● **Supplied records**
----
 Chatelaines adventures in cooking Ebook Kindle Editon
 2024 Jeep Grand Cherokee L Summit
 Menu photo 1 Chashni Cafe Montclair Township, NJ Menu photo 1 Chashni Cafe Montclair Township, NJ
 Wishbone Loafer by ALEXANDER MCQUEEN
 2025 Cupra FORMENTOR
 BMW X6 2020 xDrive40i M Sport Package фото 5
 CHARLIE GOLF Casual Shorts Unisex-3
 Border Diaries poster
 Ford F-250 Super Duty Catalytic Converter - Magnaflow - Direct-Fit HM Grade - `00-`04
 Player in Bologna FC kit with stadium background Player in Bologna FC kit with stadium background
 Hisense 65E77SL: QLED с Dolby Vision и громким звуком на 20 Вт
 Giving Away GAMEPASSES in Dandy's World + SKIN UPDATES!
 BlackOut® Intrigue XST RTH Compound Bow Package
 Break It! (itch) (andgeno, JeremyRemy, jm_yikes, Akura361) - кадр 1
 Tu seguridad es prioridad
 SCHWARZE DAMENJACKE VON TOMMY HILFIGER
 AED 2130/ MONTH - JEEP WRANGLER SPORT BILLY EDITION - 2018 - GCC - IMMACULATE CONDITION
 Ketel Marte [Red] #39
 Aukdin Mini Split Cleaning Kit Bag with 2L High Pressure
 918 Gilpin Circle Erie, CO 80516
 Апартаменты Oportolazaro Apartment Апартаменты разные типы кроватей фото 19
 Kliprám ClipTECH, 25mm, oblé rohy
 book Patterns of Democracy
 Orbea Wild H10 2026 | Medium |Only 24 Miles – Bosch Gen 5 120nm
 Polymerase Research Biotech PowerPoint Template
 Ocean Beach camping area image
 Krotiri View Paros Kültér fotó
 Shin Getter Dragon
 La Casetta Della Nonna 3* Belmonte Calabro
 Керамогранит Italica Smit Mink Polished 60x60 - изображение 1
----
The full set of entries should appear again, unchanged, line by line.

● **Reply**
 Chatelaines adventures in cooking Ebook Kindle Editon
 2024 Jeep Grand Cherokee L Summit
 Menu photo 1 Chashni Cafe Montclair Township, NJ Menu photo 1 Chashni Cafe Montclair Township, NJ
 Wishbone Loafer by ALEXANDER MCQUEEN
 2025 Cupra FORMENTOR
 BMW X6 2020 xDrive40i M Sport Package фото 5
 CHARLIE GOLF Casual Shorts Unisex-3
 Border Diaries poster
 Ford F-250 Super Duty Catalytic Converter - Magnaflow - Direct-Fit HM Grade - `00-`04
 Player in Bologna FC kit with stadium background Player in Bologna FC kit with stadium background
 Hisense 65E77SL: QLED с Dolby Vision и громким звуком на 20 Вт
 Giving Away GAMEPASSES in Dandy's World + SKIN UPDATES!
 BlackOut® Intrigue XST RTH Compound Bow Package
 Break It! (itch) (andgeno, JeremyRemy, jm_yikes, Akura361) - кадр 1
 Tu seguridad es prioridad
 SCHWARZE DAMENJACKE VON TOMMY HILFIGER
 AED 2130/ MONTH - JEEP WRANGLER SPORT BILLY EDITION - 2018 - GCC - IMMACULATE CONDITION
 Ketel Marte [Red] #39
 Aukdin Mini Split Cleaning Kit Bag with 2L High Pressure
 918 Gilpin Circle Erie, CO 80516
 Апартаменты Oportolazaro Apartment Апартаменты разные типы кроватей фото 19
 Kliprám ClipTECH, 25mm, oblé rohy
 book Patterns of Democracy
 Orbea Wild H10 2026 | Medium |Only 24 Miles – Bosch Gen 5 120nm
 Polymerase Research Biotech PowerPoint Template
 Ocean Beach camping area image
 Krotiri View Paros Kültér fotó
 Shin Getter Dragon
 La Casetta Della Nonna 3* Belmonte Calabro
 Керамогранит Italica Smit Mink Polished 60x60 - изображение 1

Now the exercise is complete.